何事もふるき世のみぞしたはしき。いまやうはむげにいやしくこそなりゆくめれ。かの木の道のたくみの作れるうつくしき器も、古代のすがたこそをかしと見ゆれ。文のことばなどぞむかしの反古どもはいみじき。たゞいふことばも、くちをしうこそなりもて行くなれ。「いにしへは、車もたげよ、火かゝげよとこそいひしを、今やうの人は、もてあげよ、かきあげよといふ。主殿寮の人數だてといふべきを、たちあかししろくせよといひ、最勝講の御聽聞所なるをば、御かうのろといふべきを、かうろといふくちをし」とぞふるき人の仰せられし。

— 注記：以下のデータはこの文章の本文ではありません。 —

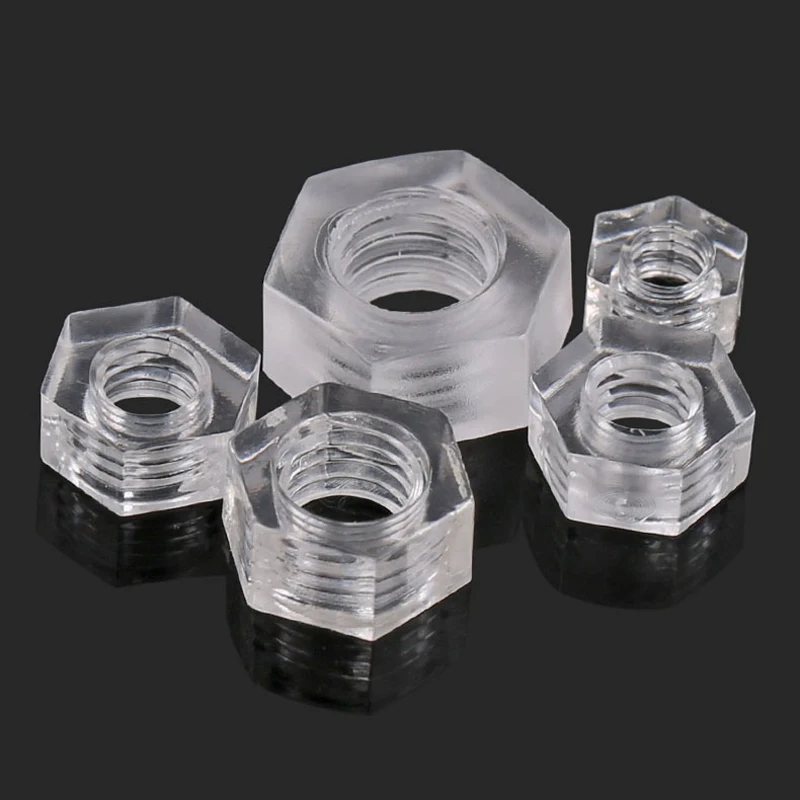 20 шт. пластиковые шестигранные гайки m3 m4 m5 m6 ПК акриловые гайки|plastic hex nuts|hex nutplastic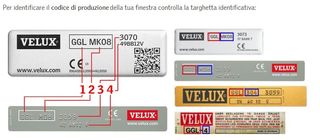 Tenda oscurante grigia per Velux C02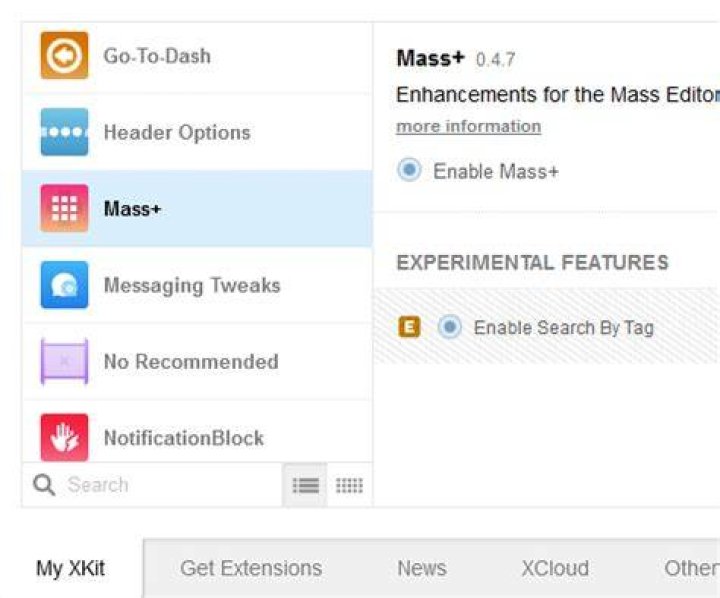 XKit button mass post editor tumblr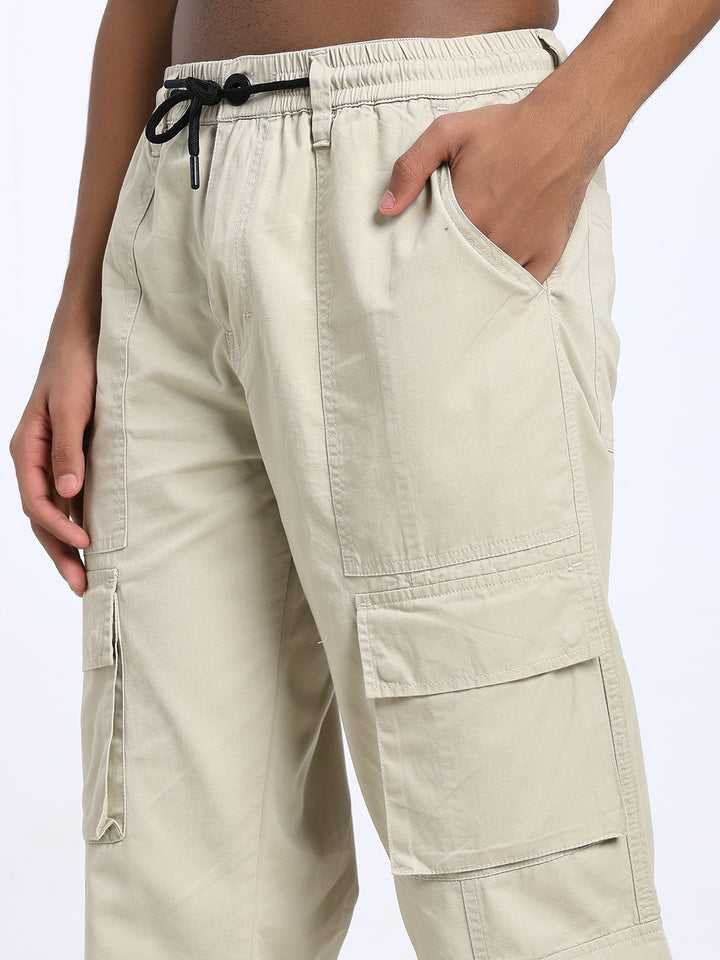 Men's Heritage Snap beige baggy cargo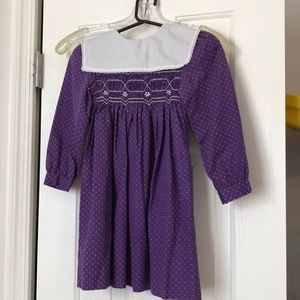 Vintage EUC Polly Flinder’s Purple dress with White collar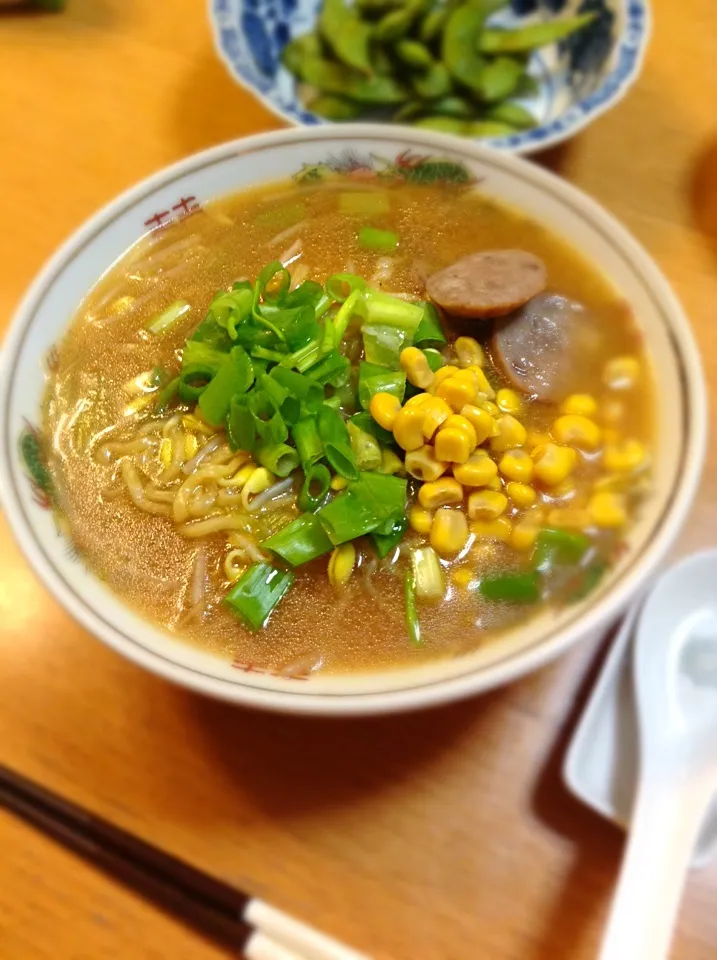 娘のリクエストで今夜は味噌ラーメン|hoppycowさん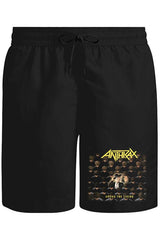 Anthrax - Among the Living Unisex Siyah Şort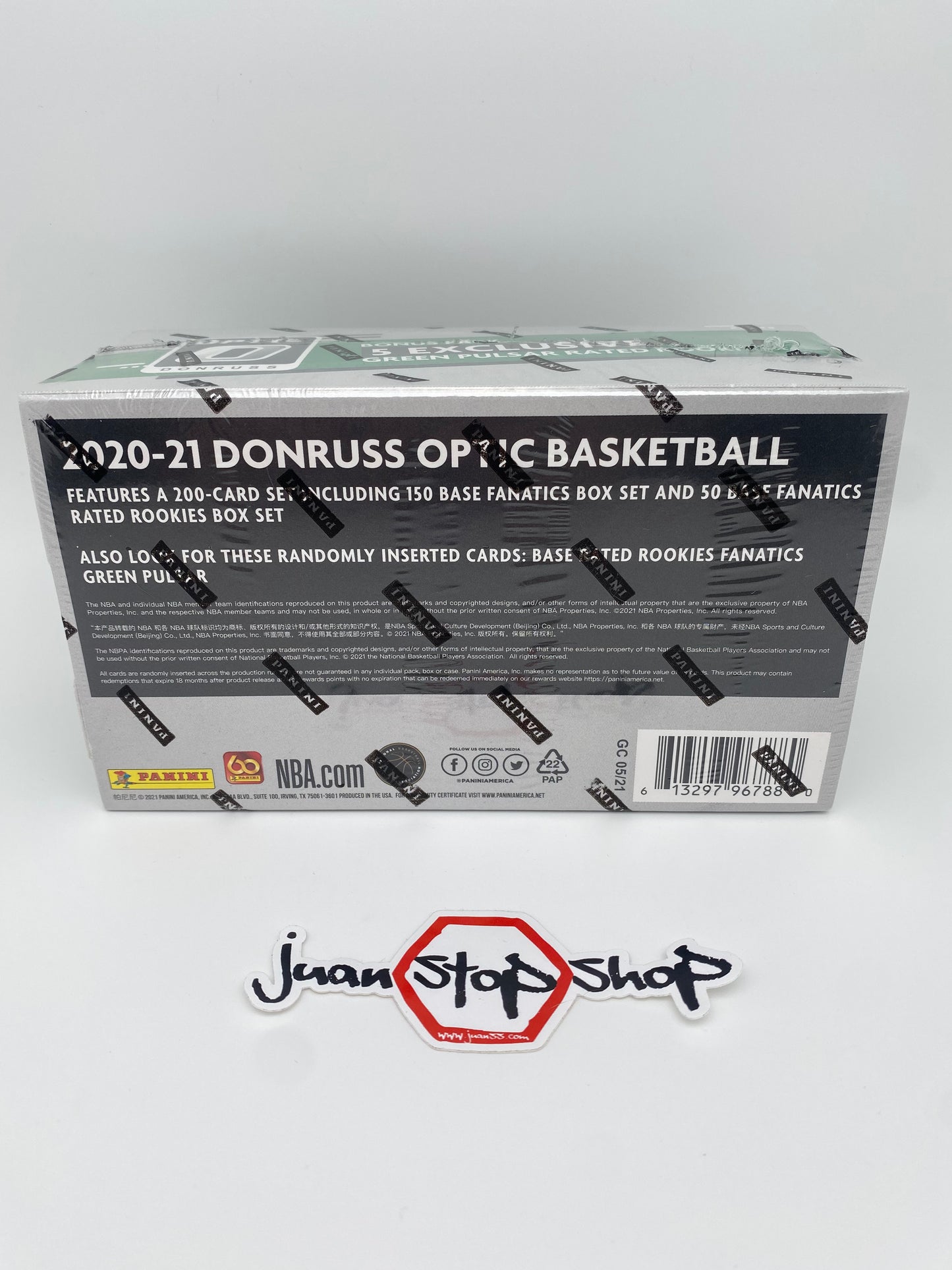 2020/21 Panini Donruss Optic Basketball Factory Set Fanatics Exclusive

衰へたるすゑの世とはいへど、なほ九重のかみさびたるありさまこそ世づかずめでたきものなれ。露臺、朝餉、何殿、何門などは、いみじともきこゆべし。あやしの所にもありぬべき小蔀、小板敷、高遣り戶などもめでたくこそきこゆれ。「陣に夜のまうけせよ」といふこそいみじけれ。夜のおとゞのをば、「かいともしとうよ」などいふまためでたし。上卿の陣にて行へるさまはさらなり、諸司の下人どものしたり顏になれたるもをかし。さばかり寒き夜もすがら、こゝかしこにねぶり居たるこそをかしけれ。「內侍所の御鈴の音はめでたく優なるものなり」とぞ德大寺の太政大臣〈基實〉は仰せられける。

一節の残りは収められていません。